Before you start, make sure you're using Pydantic >= 1.9.0. 1.8 has all sorts of bugs with json encoder propagation. 

In [1]:
# imports
import contextlib
import copy
import inspect
import logging
from concurrent.futures import Future, ThreadPoolExecutor
from importlib import import_module
from typing import Any, Callable, Dict, Generic, Iterable, Optional, TypeVar
from types import FunctionType
from pydantic import BaseModel, Field, root_validator, validate_arguments, validator, ValidationError
from pydantic.generics import GenericModel

logger = logging.getLogger("__name__")


## GENERICS

Because the executor classes take many forms, we'll be making use of Pydantic's generic class composition for executor type interpolation. We are able to do this by creating a placeholder TypeVar. Here, this is names ObjType, because the executor classes make use of a generalizable loading approach that could be extented to objects generally.

In [2]:
ObjType = TypeVar("ObjType")

## JSON Encoders

Pydantic does not propogate JSON encoders to child classes, so we'll define a set of common encoders:

In [3]:
JSON_ENCODERS = {
    FunctionType: lambda x: f"{x.__module__}:{x.__name__}",
    Callable: lambda x: f"{x.__module__}:{type(x).__name__}", # for encoding functions
    type: lambda x: f"{x.__module__}:{x.__name__}", # for encoding a type
    ObjType: lambda x: f"{x.__module__}:{x.__class__.__name__}", # for encoding instances of the ObjType}
}

## Utility function for validating kwargs against a signature

Central to generalizablity between executors is the ability to validate kwargs provided against the executor class. Below we define a utility using pydantic's validate_arguments decorator and the inspect module.

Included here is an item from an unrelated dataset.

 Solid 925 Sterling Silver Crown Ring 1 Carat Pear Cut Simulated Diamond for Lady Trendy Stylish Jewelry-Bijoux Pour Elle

At present, this method is only configured to handle kwargs (which will cover most cases), but could be extended.

In [4]:

@validate_arguments(config={"arbitrary_types_allowed": True})
def validate_and_compose_kwargs(signature: inspect.Signature, kwargs: Dict[str, Any]):
    required_kwargs = [
        kwarg.name
        for kwarg in signature.parameters.values()
        if (kwarg.POSITIONAL_OR_KEYWORD or kwarg.KEYWORD_ONLY)
        and kwarg.default is inspect.Parameter.empty
    ]

    if any([required_kwarg not in kwargs.keys() for required_kwarg in kwargs.keys()]):
        raise ValueError(
            "All required kwargs not provided: %s", ", ".join(required_kwargs)
        )

    # check (kwarg.VAR_KEYWORD and kwarg.default is inspect.Parameter.empty) is not empty **kwargs
    sig_kwargs = {
        kwarg.name: kwarg.default
        for kwarg in signature.parameters.values()
        if (kwarg.POSITIONAL_OR_KEYWORD or kwarg.KEYWORD_ONLY)
        and not kwarg.kind == inspect.Parameter.VAR_KEYWORD
    }

    # validate kwargs
    if any([kwarg not in sig_kwargs.keys() for kwarg in kwargs.keys()]):
        raise ValueError(
            "Kwargs must be members of function signature. Accepted kwargs are: %s, Provided: %s",
            ", ".join(sig_kwargs.keys()),
            ", ".join(kwargs.keys()),
        )

    sig_kwargs.update(kwargs)

    return sig_kwargs

## Representing callables as Pydantic models
Representing callables as pydantic models allows us to take advantage of both pydantic serialization to json and pydantic's validation hooks for the kwarg validation upon creation, with possibility of delaying load. Here `CallableModel`, we can provide initialization kwargs for a to-be-instantiated-later object and reap the benefit of additional kwarg validation. 

In [12]:
class CallableModel(BaseModel):
    callable: Callable
    kwargs: dict

    class Config:
        arbitrary_types_allowed = True
        json_encoders = JSON_ENCODERS

    @root_validator(pre=True)
    def validate_all(cls, values):
        fn = values.pop("callable")

        if not isinstance(
            fn,
            (
                str,
                Callable,
            ),
        ):
            raise ValueError(
                "Callable must be object or a string. Provided %s", type(fn)
            )

        # parse string to callable
        if isinstance(fn, (str,)):

            # for function loading
            module_name, fn_name = fn.rsplit(":", 1)
            fn = getattr(import_module(module_name), fn_name)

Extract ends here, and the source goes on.